For use with the Virtual Gramophone website.

These are some ideas for using Library and Archives Canada's Virtual Gramophone database of early Canadian recordings in your classroom.


Themes in Music

Students listen to three or four different songs or piece of music on a specific theme from the Virtual Gramophone site. Some suggestions:

  • War/pacifism
  • Patriotism
  • Role of women
  • Racial tolerance/intolerance
  • Family
  • Politics
  • Love and relationships
  • Remembrance
  • Other issues

Students compare the songs: how are they the same? They should consider:

  • Treatment of theme (for or against? happy or sad? etc.)
  • Style of music (waltz, foxtrot, ragtime, etc.)
  • Lyrics
  • Musical elements (beat, rhythms, pitch, etc.)
  • Instruments used
  • Performers (how many, gender, etc.)

They should also compare and contrast this music with modern music on the same theme.
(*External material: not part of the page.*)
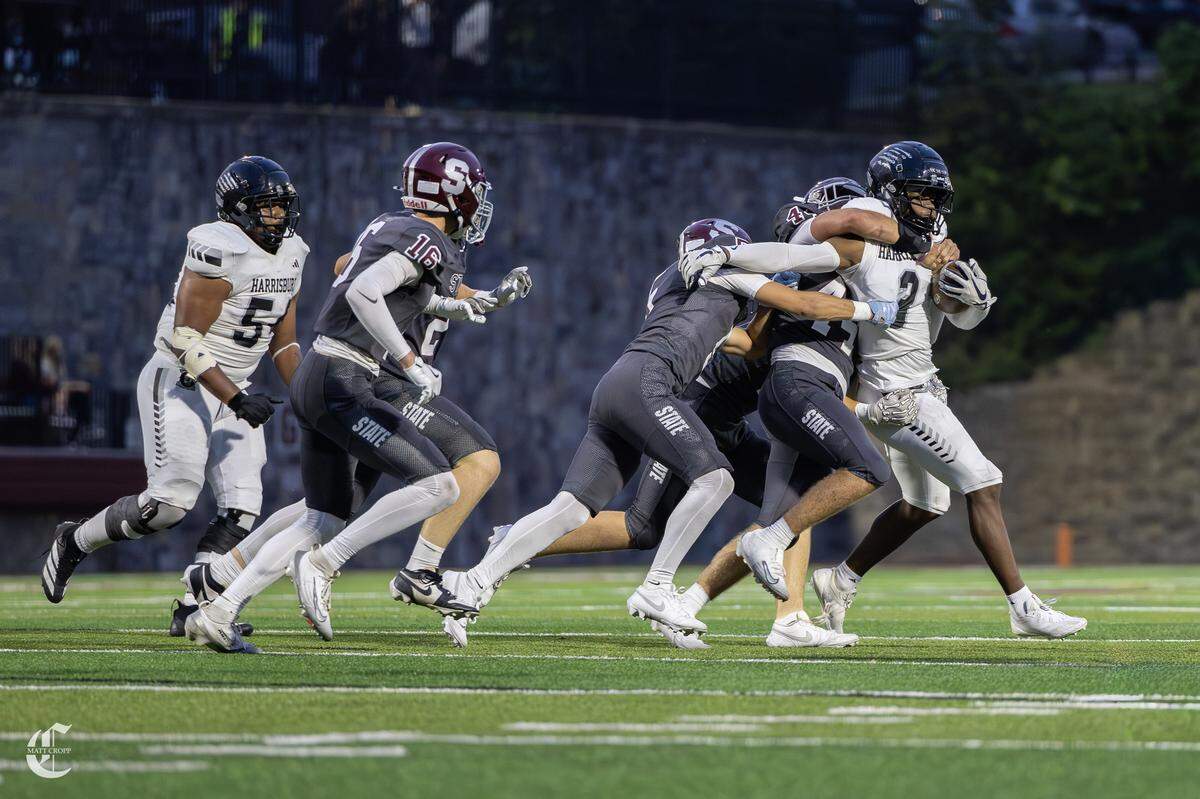 Running Back Ja'auan Johnson (3) is tackled by multiple players on Friday, Sept. 5, 2025 in State College, Pa. The Little Lions beat the Cougars 48-45.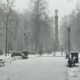 Первый снег в городском парке с пустыми скамейками и памятной колонной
A Timeline of Twentieth-Century Music

Using music from the Virtual Gramophone and other sources, conduct a decade-by-decade study of twentieth-century music. How did music change over the century? Consider:

  • Themes
  • Musical styles
  • Instruments used
  • Technological changes in recording and broadcasting
  • Other elements

Students could also track major historical events in each decade. They could create a timeline of historical events, and mark the major musical movements and events of the century.


Year-by-Year Survey of Songs

Students could search recordings by year to compare and contrast the types of songs released in each year. They could track them on a table by categories and graph the results:

  • War/pacifism
  • Patriotism
  • Role of women
  • Racial tolerance/intolerance
  • Family
  • Politics
  • Love and relationships
  • Remembrance
  • Other issues

Students could also track musical styles (waltz, foxtrot, ragtime, etc.) and observe when new styles were introduced.


Technical Difficulties

Recordings that have survived from the early twentieth century are often damaged and the sound, distorted. Students could visit the Virtual Gramophone Technical Notes page and write a short report on the causes of these problems, and how they can be corrected.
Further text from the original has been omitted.